TASK TO CARRY OUT.
Each line below needs to be returned exactly. Skip any picture.

DATA.
☆ ☆ ☆ ☆ ☆
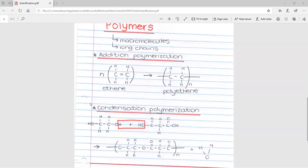To form polymers there are two types of reactions: addition polymerization and condensation polymerization. Addition polymerization is more commonly tested. You need to know how to draw a polymer. The monomer shown is ethene, which has a double bond and two carbons. N means there are N number of these units, and they all join in a long chain to form polyethene. Remember the details: the double bond, the brackets, the N, and the bond lines extended outside the brackets to show it is a long chain.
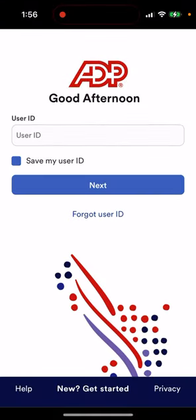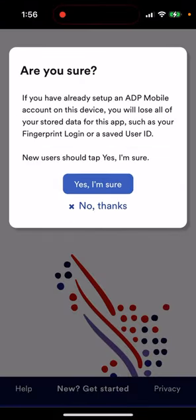You need to fill out the form, but sometimes you can just get started from 'New User.' If you have already set up an ADP mobile account, this device will lose all of your stored data for this app, such as your fingerprint login or a saved user ID. New users should tap 'Yes, I'm sure.'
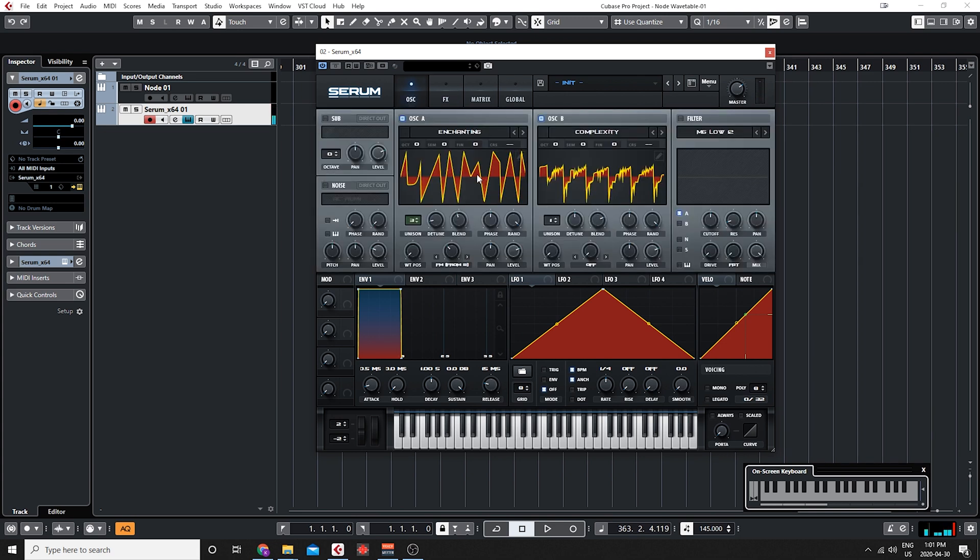So that's how you create your own wavetables in Node and then get them into your favorite synths and start to create your own custom wavetables for your presets.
☆ ☆ ☆ ☆ ☆
RESPONSE.
To form polymers there are two types of reactions: addition polymerization and condensation polymerization. Addition polymerization is more commonly tested. You need to know how to draw a polymer. The monomer shown is ethene, which has a double bond and two carbons. N means there are N number of these units, and they all join in a long chain to form polyethene. Remember the details: the double bond, the brackets, the N, and the bond lines extended outside the brackets to show it is a long chain.
You need to fill out the form, but sometimes you can just get started from 'New User.' If you have already set up an ADP mobile account, this device will lose all of your stored data for this app, such as your fingerprint login or a saved user ID. New users should tap 'Yes, I'm sure.'
So that's how you create your own wavetables in Node and then get them into your favorite synths and start to create your own custom wavetables for your presets.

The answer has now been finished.